The person is stuck on the regret, and a vague feeling that had they chosen the other fork in the road things would have been much better.  The hint about where a therapist can productively go lies in the fuzzy, idealized vision of the alternate path they sense.  They use the regret as a way of berating themselves, but do not carefully examine the path they wish they had taken.

In therapy, we can set aside the fact that the decision is over and done, and cannot be undone.  We can ask “What if?”  What if you really had made the other choice?  What would have happened?

Usually we get an answer that reflects a belief in a kind of heaven on Earth.  “It would have been wonderful.”  “My life would be so much better.”  But we don’t spontaneously get details.  So we can press for the full picture.  “So let’s imagine that you really did decide to stay with him.  Tell me how you think that first week would have gone…. What about the following year?…And the years since?...And where would you be now?”

Sometimes the overidealization continues, and eventually becomes so transparent that the person sees it.  “Sounds a bit exaggerated, doesn’t it?”  Their faith in the purity of the unchosen path begins to crack, just a little.

Sometimes the person follows the timeline and realizes that contentment was never going to be the destination.  “He’d cheated on me twice.  I guess that in the ensuing 20 years he’d do it again.  And probably again.  And eventually I’d be faced with the same decision I made 20 years ago.”

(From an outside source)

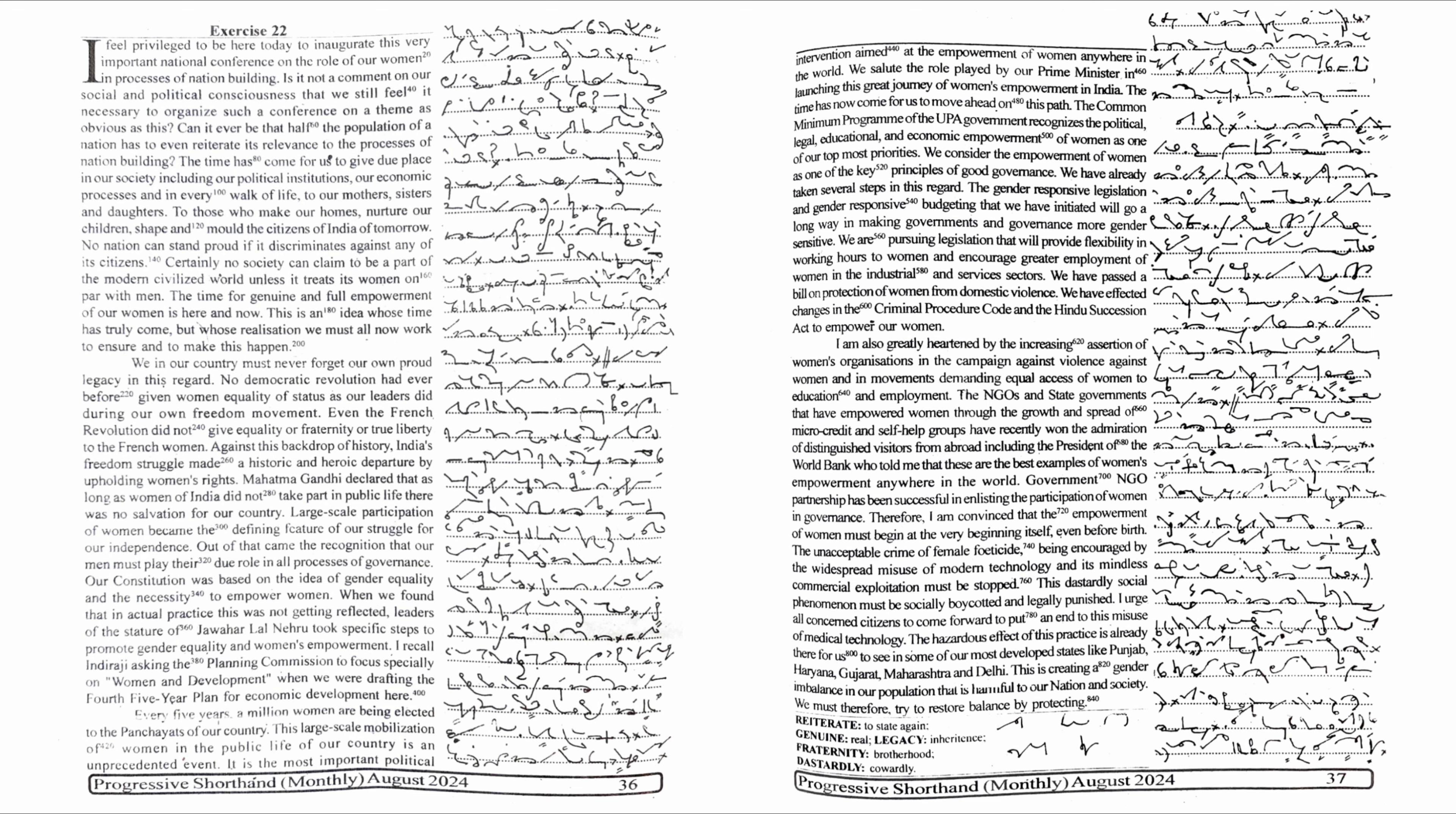I am also greatly heartened by the increasing assertion of women's organizations in the campaign against violence against women and in movements demanding equal access of women to education and employment. The NGOs and state governments that have empowered women through the growth and spread of micro-credit and self-help groups have recently won the admiration of distinguished visitors from abroad, including the president of the World Bank who told me that these are the best examples of women's empowerment anywhere in the world. Government-NGO partnership has been successful in enlisting the participation of women in governance.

A gay man regretted not coming out earlier, and wasting much of his youth alone.  But when he examined the situation closely he realized he would have become sexually active around the time that the AIDS crisis was beginning, before it was really understood and before the present treatment options existed.  He knew himself and how he would likely have been if he had come out.  “Like a kid in a candy shop.”  The result may have been that he would not have lived through the decade.  Perhaps not; perhaps he would have been more fortunate.  But the possibility allowed him to let go of some of the regret.  “On balance, I’d choose the loneliness of those years, knowing that the result was that I’ve lived longer than some of my friends.”

All fantasies about the path not taken are just that: fantasies.  We don’t really know.  If you had gone off with Frank, perhaps you’d have been killed in an air crash the following month. But you DO know that you wouldn’t have taken the path you did – for better and for worse.  We can invite the client to reflect on whether there is anything on the path that they chose that they would not have wanted to miss.  If he had not married so young, he might have had a more adventurous youth – but it would mean never having met the daughter he now cherishes.  “So the genie appears, David, and he gives you the option.  You can go back and take the other path, but the price is your daughter.”

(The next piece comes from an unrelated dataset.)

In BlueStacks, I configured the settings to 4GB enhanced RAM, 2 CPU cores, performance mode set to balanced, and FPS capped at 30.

Sometimes, of course, the regret is perfectly reasonable.  We let a friend drive home drunk and she was paralyzed in an accident.  We allowed a child out on a rowboat alone and they drowned.  In the alternate future the friend would be able to walk and the child would be alive.  Here, the strategy of taking the other path might not work.  But it’s possible to be surprised.  Canadian Rick Hansen, who powered his wheelchair around the world and subsequently founded an important Spinal Cord Injury research institute, has said in interviews that some of the positive things in his life came his way precisely as a result of his injuries.

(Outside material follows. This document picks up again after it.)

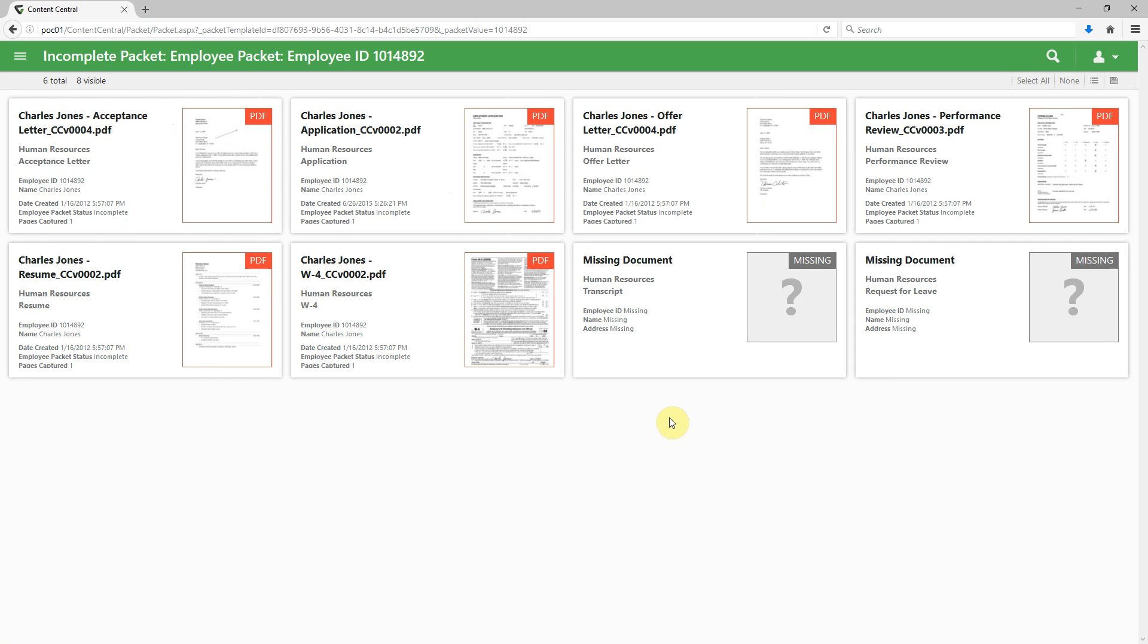In this case, we pull back personnel files, or human resource files, for this given employee.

Where this type of conclusion is unlikely, the shift is from outcome to intent.  “What was your intention in teaching Andre to row?”  Often the intention was entirely honourable and appropriate.  “I thought he should learn responsibility, and that he needed confidence.  I made sure he had his life jacket on, no matter how much he hated it.  It never occurred to me that the moment he got round the point he would take it off.  My intention was to give him a better life, not for him to lose it.”  At this point we can encourage the client to honour the intention, and to mourn (really mourn) the outcome.